## TASK TO COMPLETE:
Of all the entries below, retype only the lines from the one with "Un joven de" through the one with "Lounge or bar in Hotel Spitzberg Garni", exactly as they appear.

## TASK INPUT:
= = = = = = =

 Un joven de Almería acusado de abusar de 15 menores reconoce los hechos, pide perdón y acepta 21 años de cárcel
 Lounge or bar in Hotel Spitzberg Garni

= = = = = = =

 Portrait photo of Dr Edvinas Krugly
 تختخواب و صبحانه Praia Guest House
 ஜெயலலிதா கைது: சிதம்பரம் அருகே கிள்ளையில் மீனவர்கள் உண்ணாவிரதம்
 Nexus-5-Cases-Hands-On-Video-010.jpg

= = = = = = =

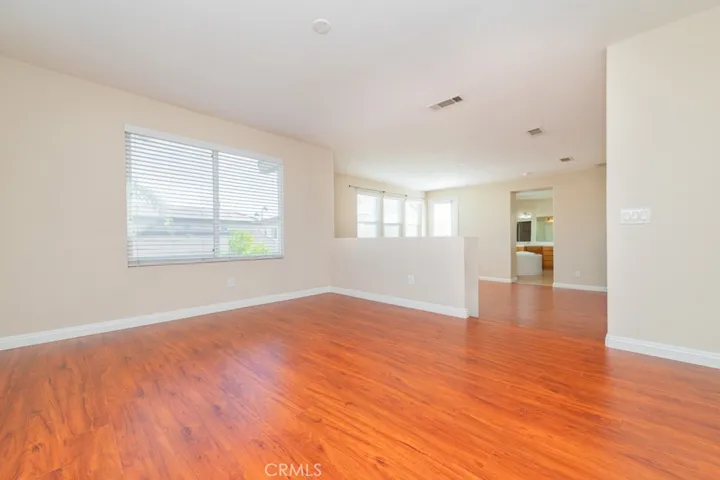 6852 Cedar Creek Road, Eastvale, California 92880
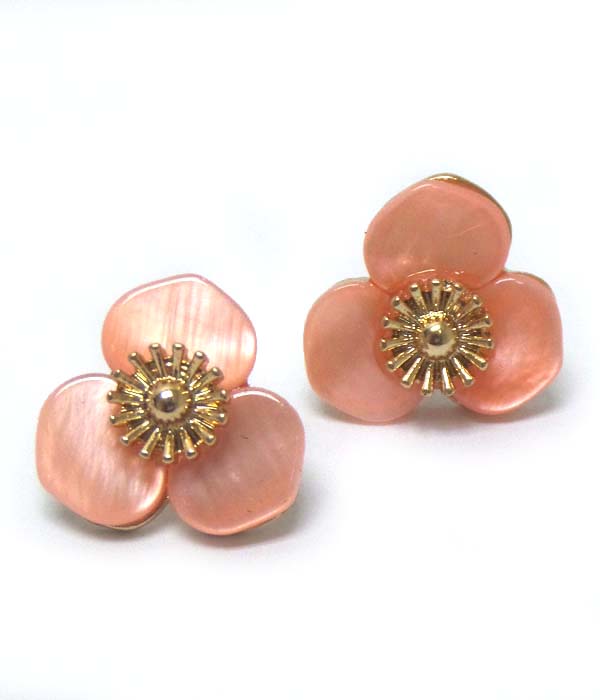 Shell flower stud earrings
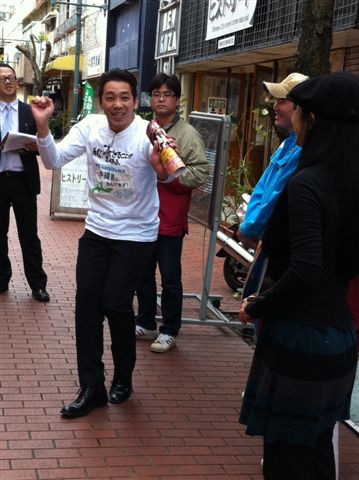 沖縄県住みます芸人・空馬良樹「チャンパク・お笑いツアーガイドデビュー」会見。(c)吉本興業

= = = = = = =

## RESULT FOR THIS EXERCISE:
 Un joven de Almería acusado de abusar de 15 menores reconoce los hechos, pide perdón y acepta 21 años de cárcel
 Lounge or bar in Hotel Spitzberg Garni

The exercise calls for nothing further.